Despite all the connections, does the fit to bring in Shurmur even make sense? You bet it does. This is the type of offensive coordinator you should be lining up to scoop up even with his poor head coaching record. Some coaches are not cut out to be head coaches, and Shurmur may be one of those men. He does, however, know how to run an offense, and his career track record can certainly back that up.

Shurmur checks three boxes that the Bears should be looking for when deciding on who to bring is as their coordinator. The first box is the most important, which is his successful history of being a great play-caller. Look at the last coordinator job he had with the Vikings. Shurmur lost Sam Bradford after week one and had to work with Case Keenum the rest of the way. Not only was that not a problem, but Keenum went on to have his best year as a pro, ultimately signing an excellent free-agent deal with Denver. Keenum hasn’t done much since so Shurmur can be credited with that success story.

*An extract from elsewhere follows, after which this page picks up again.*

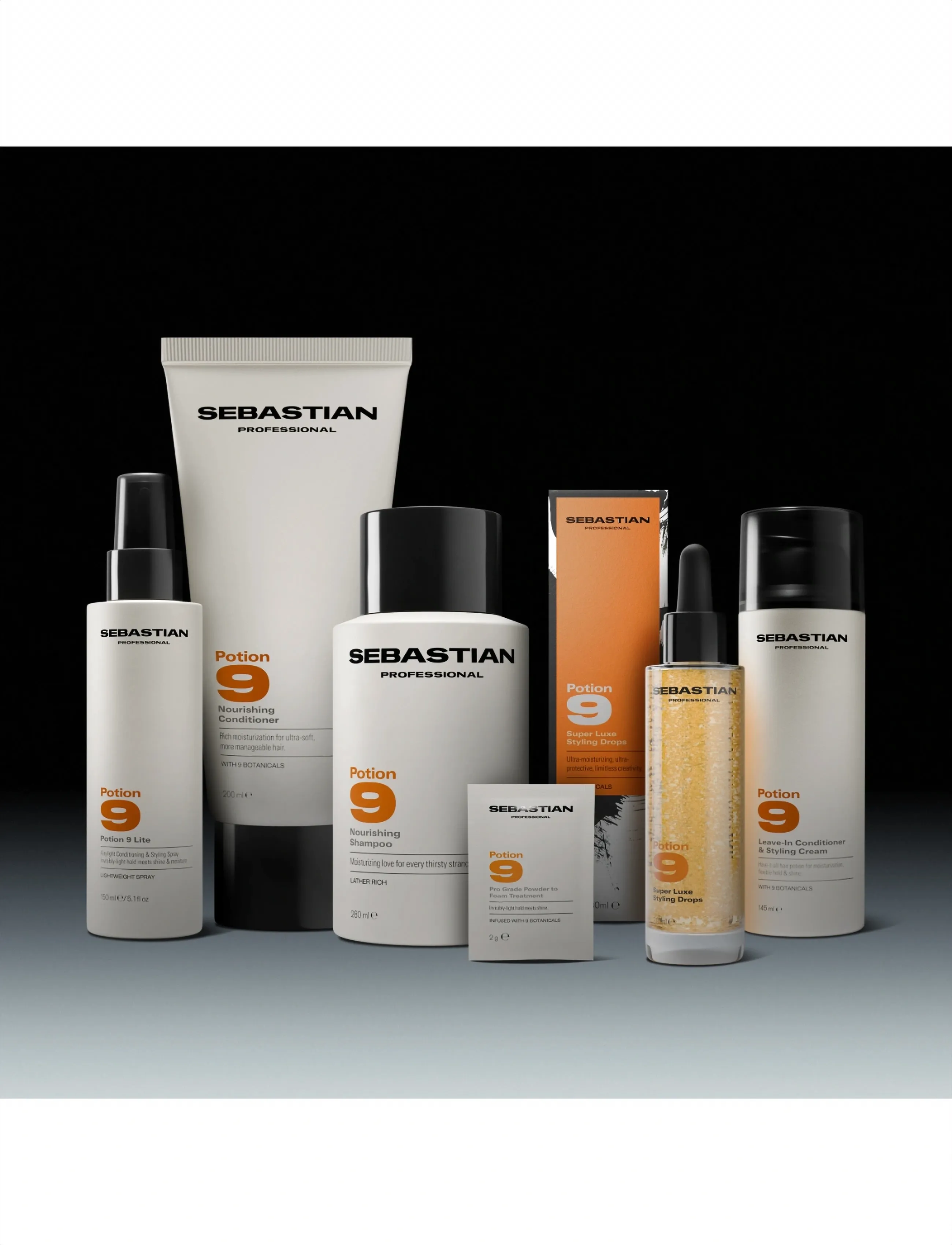 Sebastian Professional - Sebastian Professional Potion 9 Lite Conditioning & Styling Spray 150ml - no color - 4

The second box that he checks off is a coordinator that has head coaching experience. Although limited at that, five years as a head coach, Shurmur knows what it takes to be a head coach in this league, and Nagy, as well as the other offensive coaches, would benefit by having him bounce ideas off them in the meeting rooms. The final box could end up being the most important one even more so than play-calling, which happens to be the history of quarterback development under Shurmur.

Going back to what Keenum was able to accomplish under Shurmur and even Rookie Daniel Jones this season in New York, Mitch Trubisky should be on the phone right now trying to reel this man in. Shurmur as always understood how an offense should be run and takes the time to put the team in the best position possible with the way he calls his plays. That is how you groom a quarterback to become the best they can be.

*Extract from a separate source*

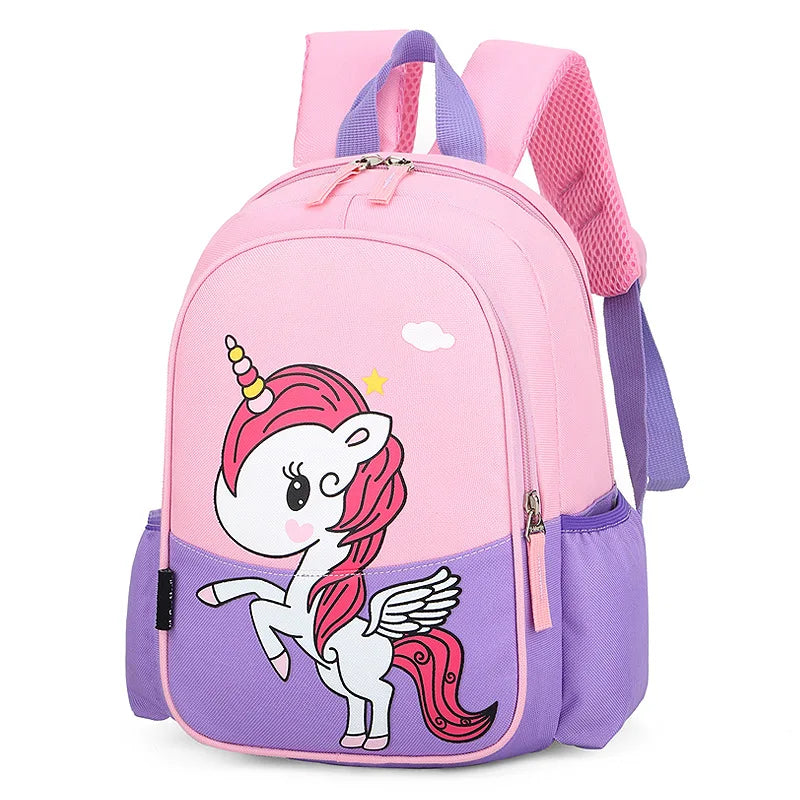 Unicorn Kids School Backpack for Kindergarten Toddler Children School Bags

Yes, we saw Trubisky grow a ton as a QB this season, but there were still a lot of inconsistencies in his game. If Shurmur were to come here, not only would he hold Trubisky to a high standard, but he would be able to get the most out of him while morphing the offense to what Mitch does best. That should not only make Trubisky more comfortable overall, but you should see way more consistencies top to bottom. All these qualities are something the Bears need to be looking for when picking their next OC.

Given the long and successful track record has had calling plays for the Browns, Rams, Giants, Eagles, and Vikings, I wonder if Shurmur would wait for an opportunity to become the CEO of an offense where he would be the full-time play-caller instead of coming to Chicago where he would be second in command behind Nagy. Yes, Nagy could give up his play-calling duties in favor of Shurmur, but I just don’t see that happening. At least not yet.

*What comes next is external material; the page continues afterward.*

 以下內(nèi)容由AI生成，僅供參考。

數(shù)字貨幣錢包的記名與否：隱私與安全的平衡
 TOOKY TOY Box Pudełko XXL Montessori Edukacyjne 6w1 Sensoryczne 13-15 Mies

Both Nagy and Shurmur are great offensive minds and would probably work very well together. Yes, some coaches like Sean McVay, Kyle Shannahan, and Andy Reid are great when it comes to being both play-caller and Head Coach, but not many others have had continued success at doing both. Nagy was great at it last season, but couldn’t rediscover the magic this year.

Bringing in a guy like Shurmur may help Nagy realize that he doesn’t need to do everything and may give up complete control of the offense should he feel Shurmur is more adequate to run things better. Obviously, at this point, we don’t know what the Bears plans are, but what we do know is that there is a fit here, and the Bears should be looking to snatch him up sooner rather than later.